Below are entries. Give back exactly the lines from the one containing "Warsztaty krawieckie we" through the one containing "Cordero explicó designación", inclusive, without the pictures.

Input data section start

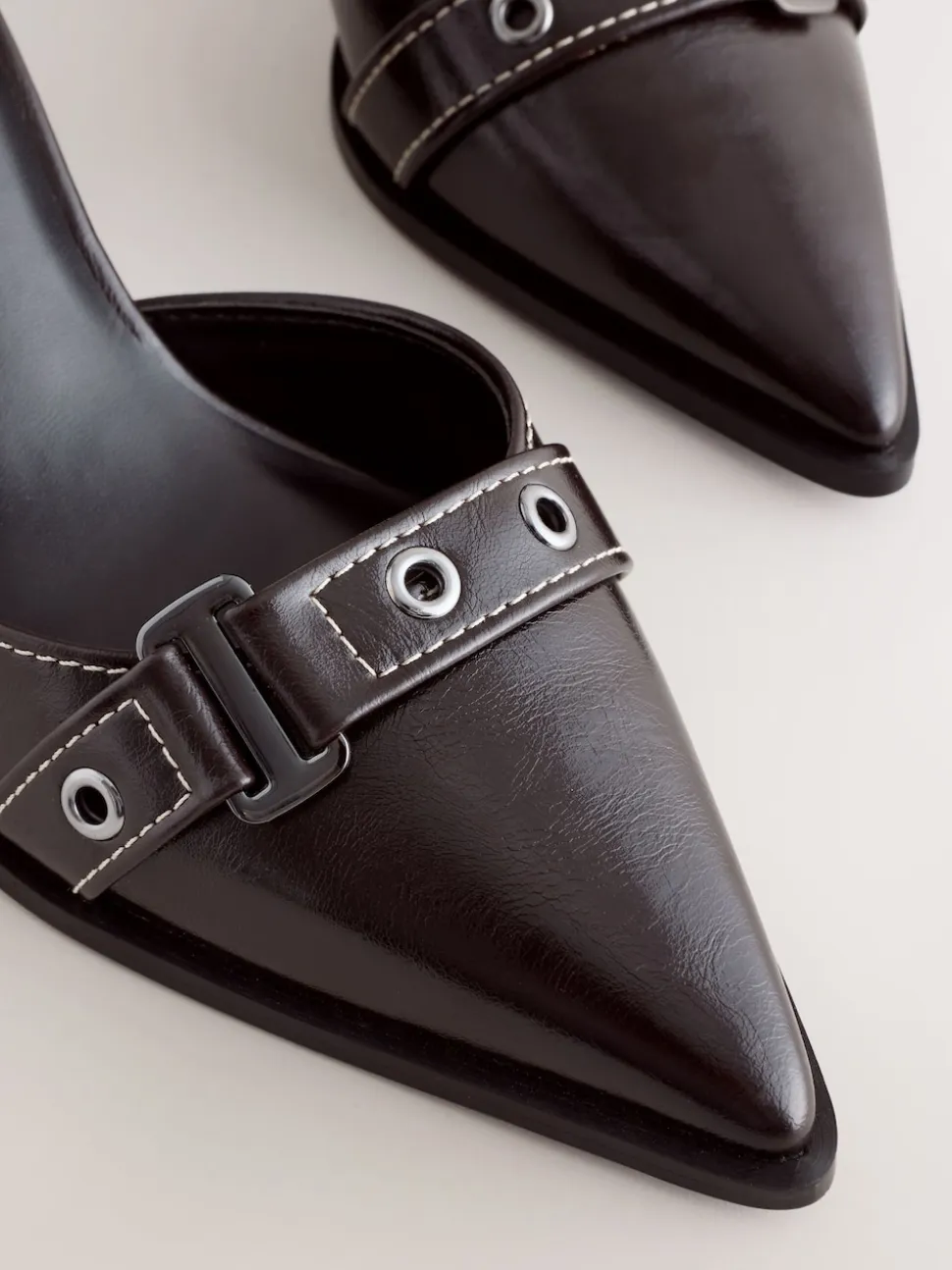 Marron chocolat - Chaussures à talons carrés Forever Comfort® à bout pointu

Input data section end
Input data section start

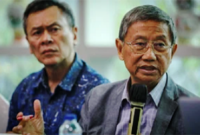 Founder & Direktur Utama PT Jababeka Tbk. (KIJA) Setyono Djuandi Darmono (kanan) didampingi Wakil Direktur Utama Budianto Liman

Input data section end
Input data section start

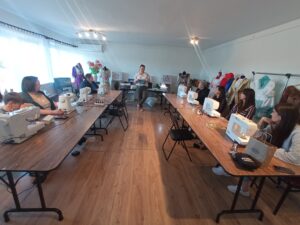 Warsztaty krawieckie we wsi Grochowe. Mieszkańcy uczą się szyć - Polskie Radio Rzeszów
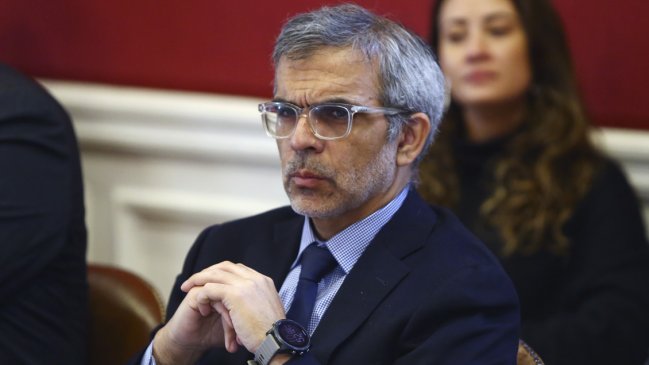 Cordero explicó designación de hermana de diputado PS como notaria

Input data section end

Response box
 Warsztaty krawieckie we wsi Grochowe. Mieszkańcy uczą się szyć - Polskie Radio Rzeszów
 Cordero explicó designación de hermana de diputado PS como notaria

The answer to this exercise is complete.